• Exercise instructions: Print the entries below exactly as they appear, from the first line up to and including the line with "Set of 3 Chocolate Cookies iron-on patches". Do not print any pictures.

• Crawled caption data:
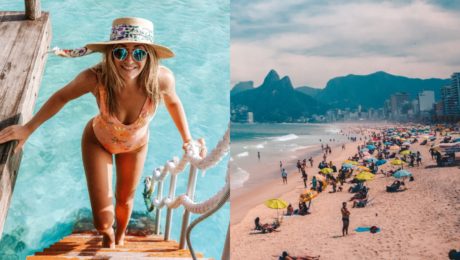 pláž dievča žena dovolenka cestovanie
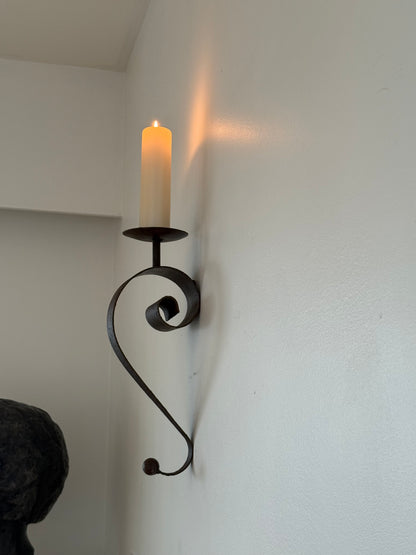 Post Mod Metal Wall Sconce Candle Holders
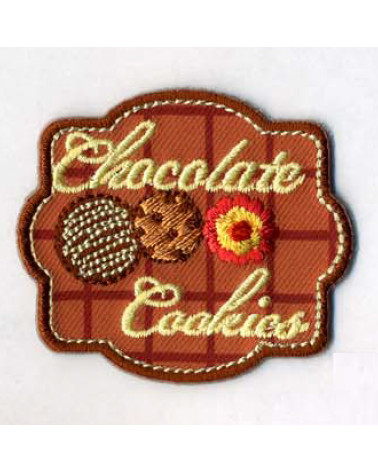 Set of 3 Chocolate Cookies iron-on patches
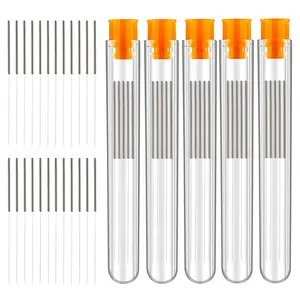 0.4mm  Printer Nozzle Cleaning Kit - 60 count Stainless Steel Anti-Clog , Heat-Resistant Unclogger Tool for Ender 3/MK8/V6, Flexible Durable Nozzle Cleaner ()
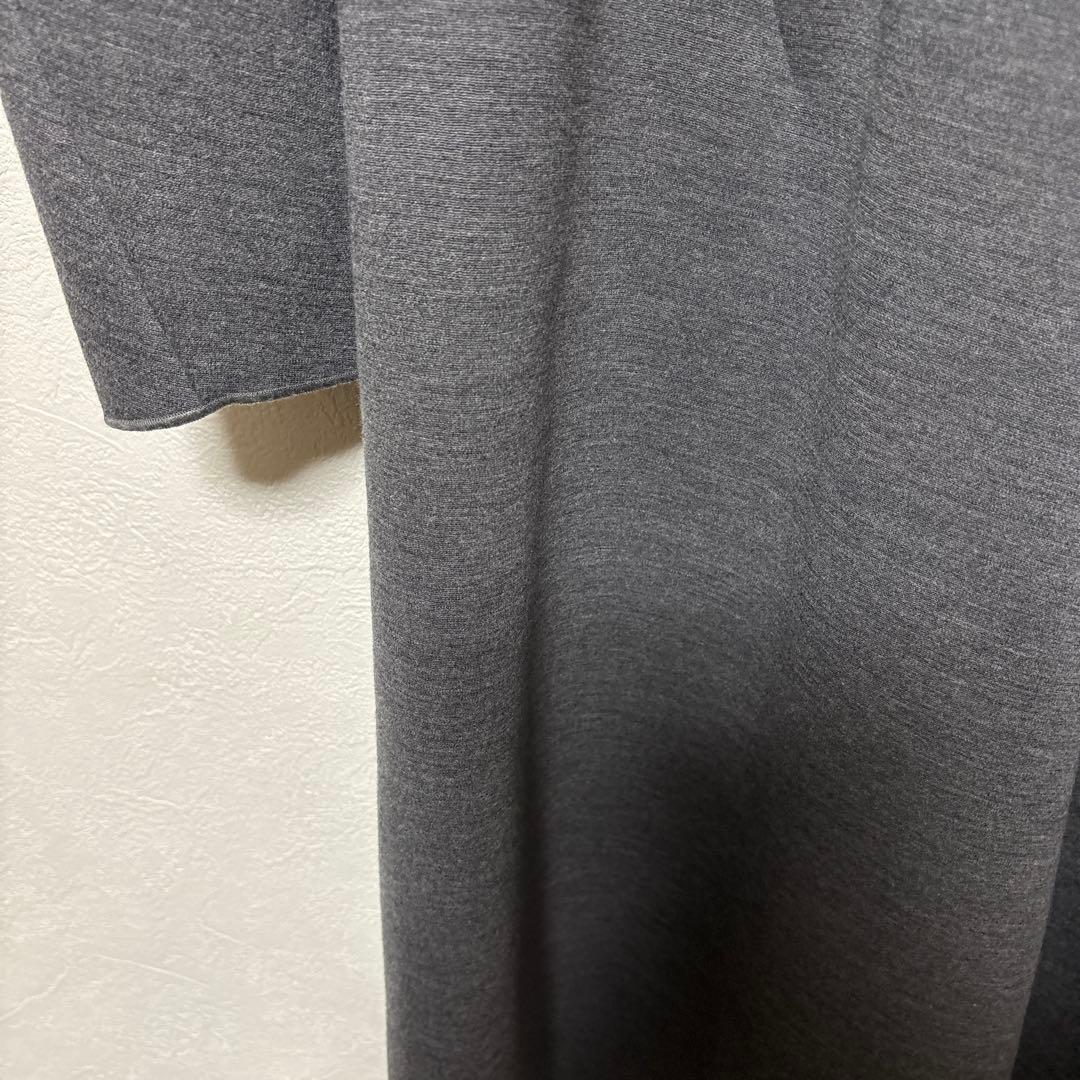 JIL SANDER グレー ウールワンピース　立体　イタリア製　ストレッチ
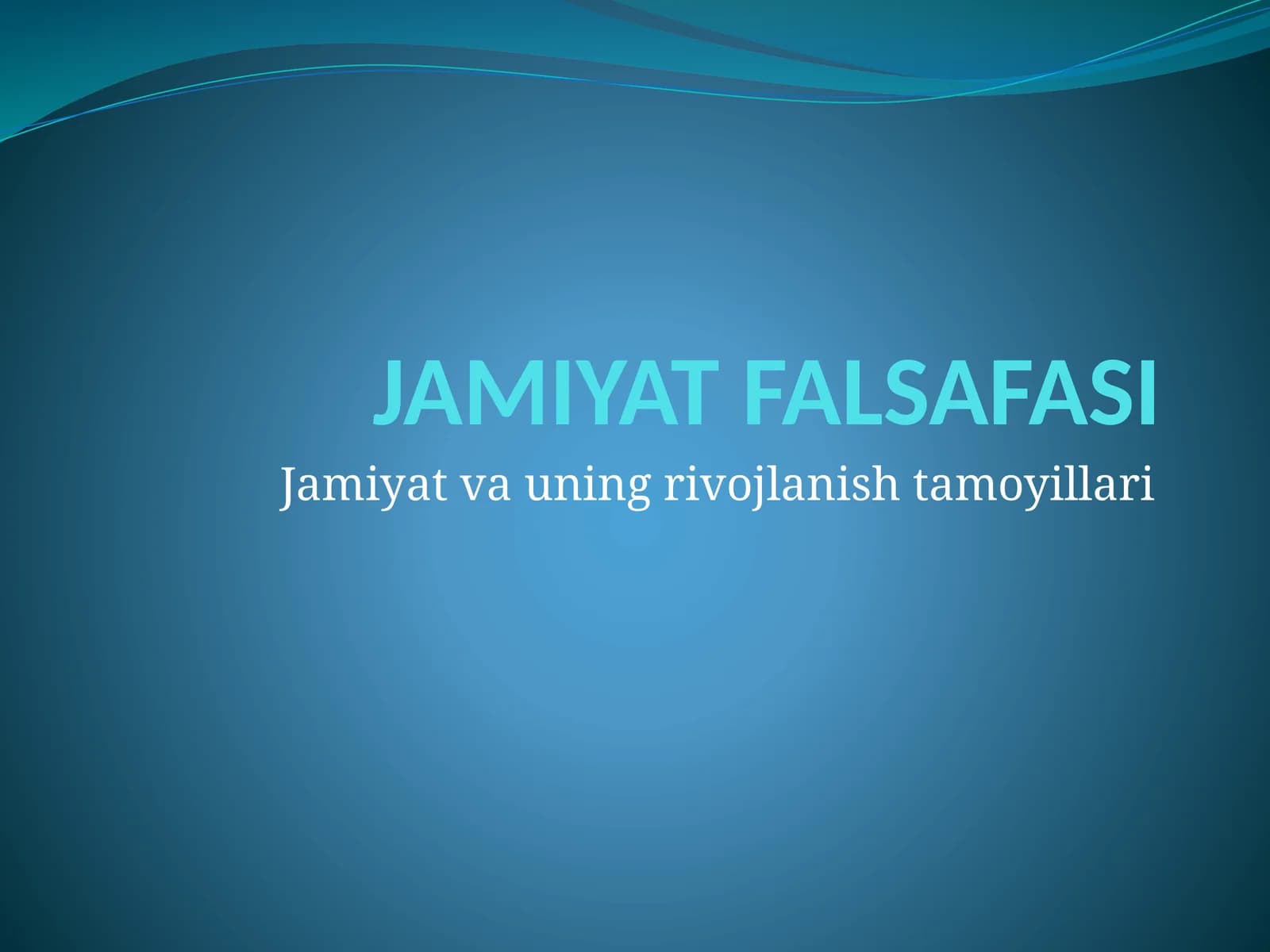 JAMIYAT FALSAFASI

• Response to this exercise:
 pláž dievča žena dovolenka cestovanie
 Post Mod Metal Wall Sconce Candle Holders
 Set of 3 Chocolate Cookies iron-on patches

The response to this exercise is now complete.